“Thou therefore endure hardness as a good soldier of Jesus Christ. No man that warreth entangleth himself with the affairs of this life, that he may please him who hath chosen him to be a soldier” (II Tim. 2:3,4).
In the soldier it is courage and self-discipline that are important. It has been well said that the measure of a good soldier is not how much he can “give,” but how much he can “take,” how much he can endure — how much it takes to make him give up.
It is a sad fact that many of God’s people simply do not want to be soldiers. They are sure that the battle for the truth can be won by “love.” They decline to obey God’s specific order to “fight the good fight of the faith” (I Tim.6:12). Some even find fault with those who do stand as soldiers for Christ and wield the Sword of the Spirit in defense of the truth.
But if God does not wish us to be soldiers in the fight of the faith, why did He command us to be such in the first place, and why, in Ephesians 6:10-20, does He urge us to “be strong in the Lord and in the power of His might,” instructing us to “Put on the whole armour of God,” naming each piece separately, so that not one might be missing? Why does He bid us to “take the sword of the Spirit, which is the Word of God”?
Does He mean that we should put our sword in the scabbard and go on dress parade, to show what fine soldiers we are? No!

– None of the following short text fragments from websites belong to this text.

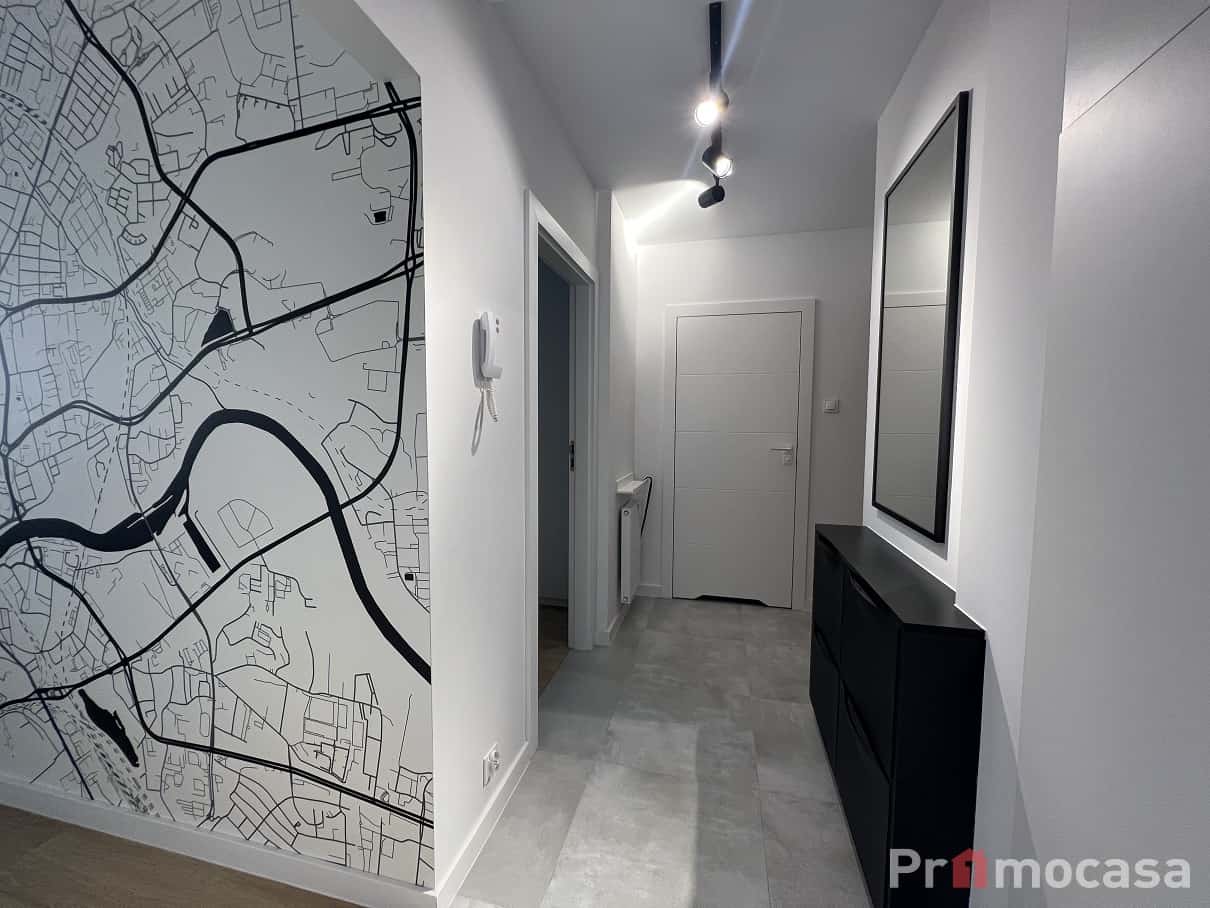 przedpokój 2 Mieszkanie do wynajęcia – Kraków – Złocień – ul. Domagały – 46m2, 2 pokoje + garaż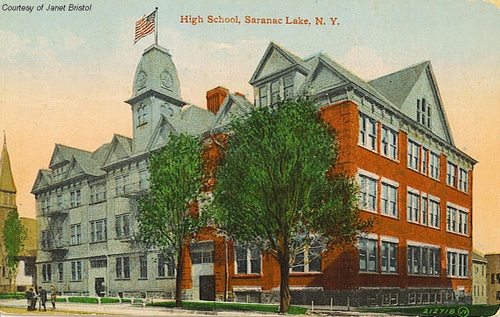 Saranac Lake High School (c. 1903)
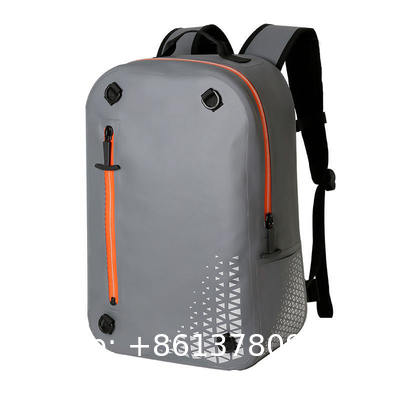 Backpack for Outdoor Camping Hiking IXP7 Waterproof TPU Airtight Zipper Backpack School Outdoor Travel Sport Gym Laptop Dry Duffel Ocean Camping Beach Bags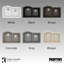 Évier de cuisine à double cuve en composite 32 po x 21 po Karran-35699349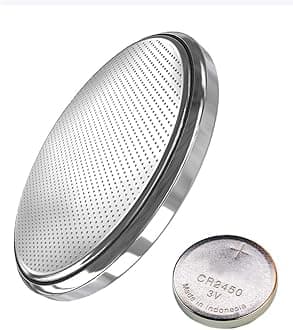 Replacement Battery CR2450 fit for BMW 1 3 4 5 6 7 Series X3 X4 M5 M6 GT3 GT5 Keyless Entry Key Fob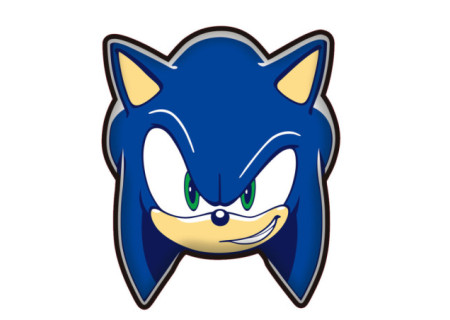 Sonic a sündisznó Smirk...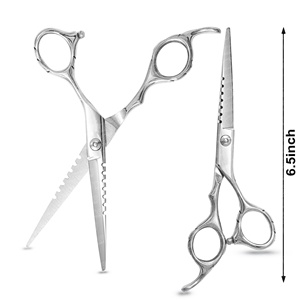 Meilleure vente de ciseaux de coupe de cheveux en acier inoxydable japonais de haute qualité avec logo personnalisé - Product Image 5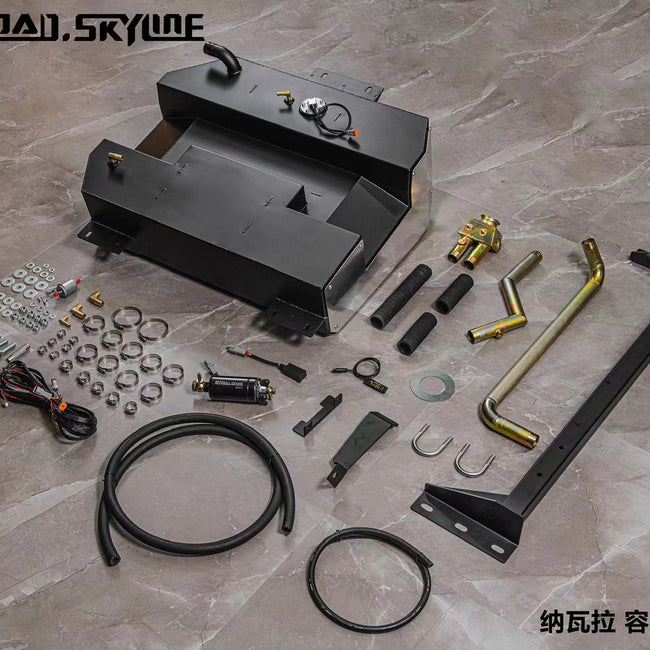117L Auxiliary Fuel Tank for Nissan Navara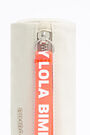Estuche cilíndrico M nylon marfil Estuche cilíndrico M nylon marfil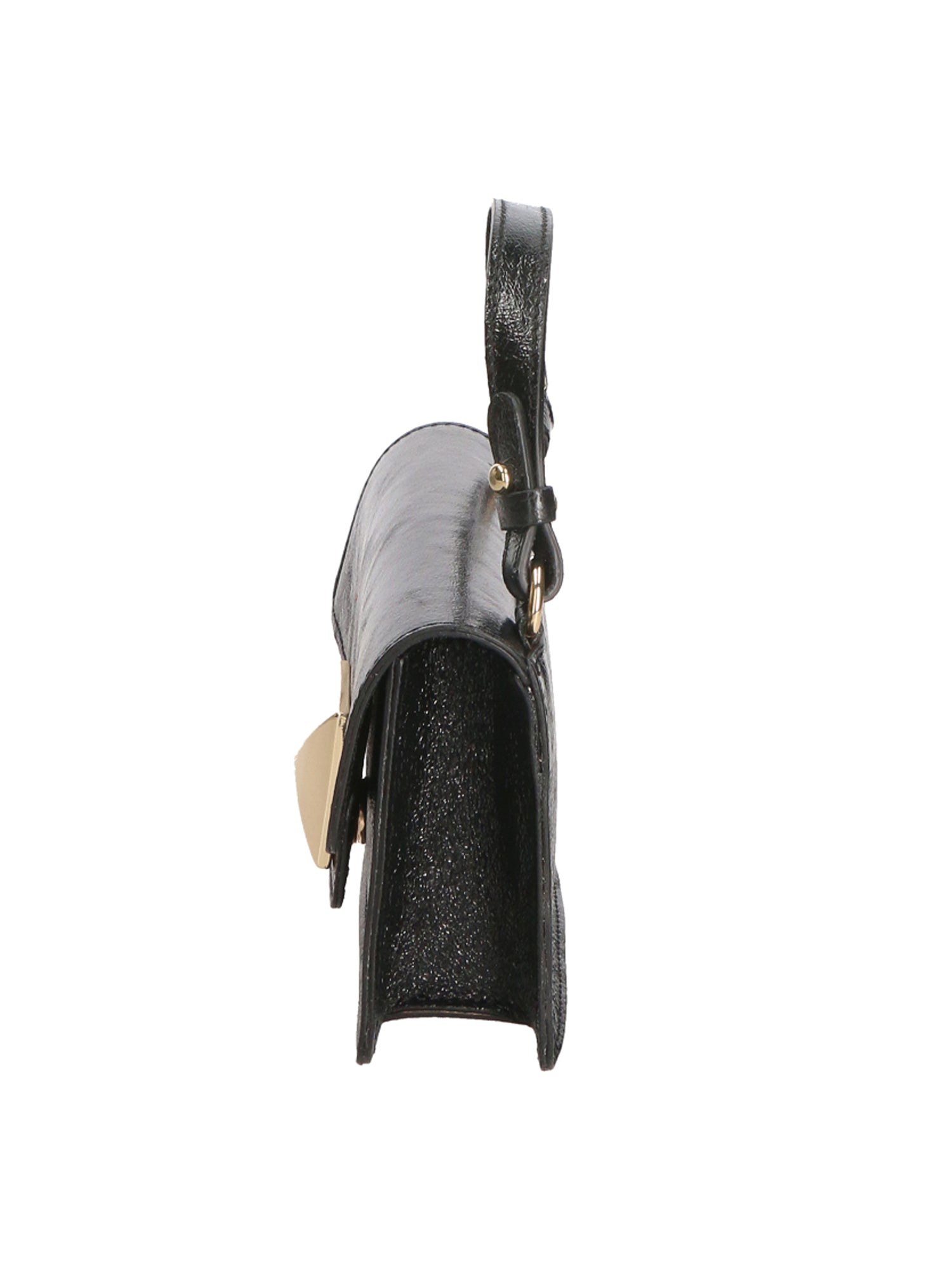 Hellen Borsa a mano da donna Vera pelle 06010-L022 NERO Chiara Ferretti
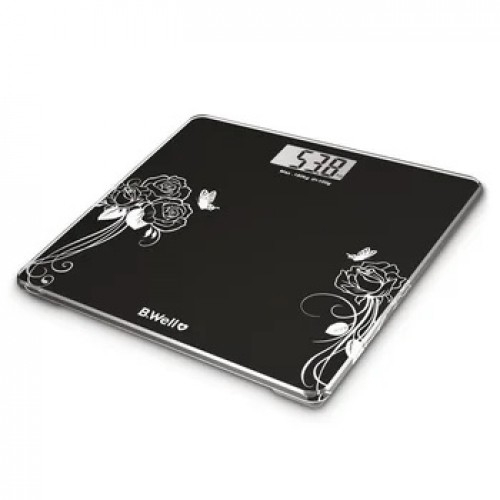 Cantar electronic negru B.Well PRO-165 Zephyr Labs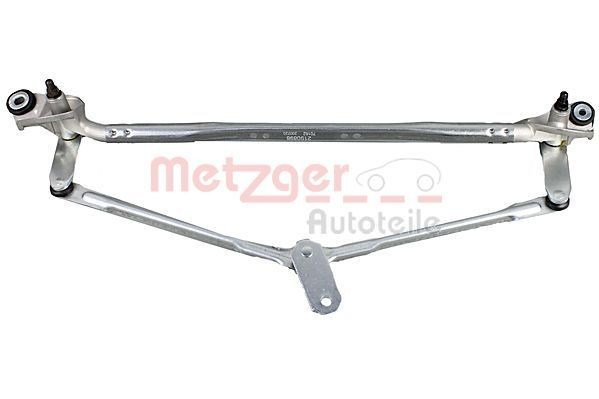 Wischergestänge METZGER 2190898 TOYOTA AVENSIS 2001 Wischergestänge hinten und vorne METZGER 2190898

We are to wield the Sword of the Spirit, “standing against the wiles of the devil”, and to keep standing until, “having done all,” we are still found “standing.”
Four times in this passage the word “stand” is used, and God has provided a complete armour so that we may be enabled to stand.
But there is more. A “good soldier,” says the Apostle, is careful not to “entangle himself with the affairs of this life, that he may please him who hath chosen him to be a soldier” (Verse 4).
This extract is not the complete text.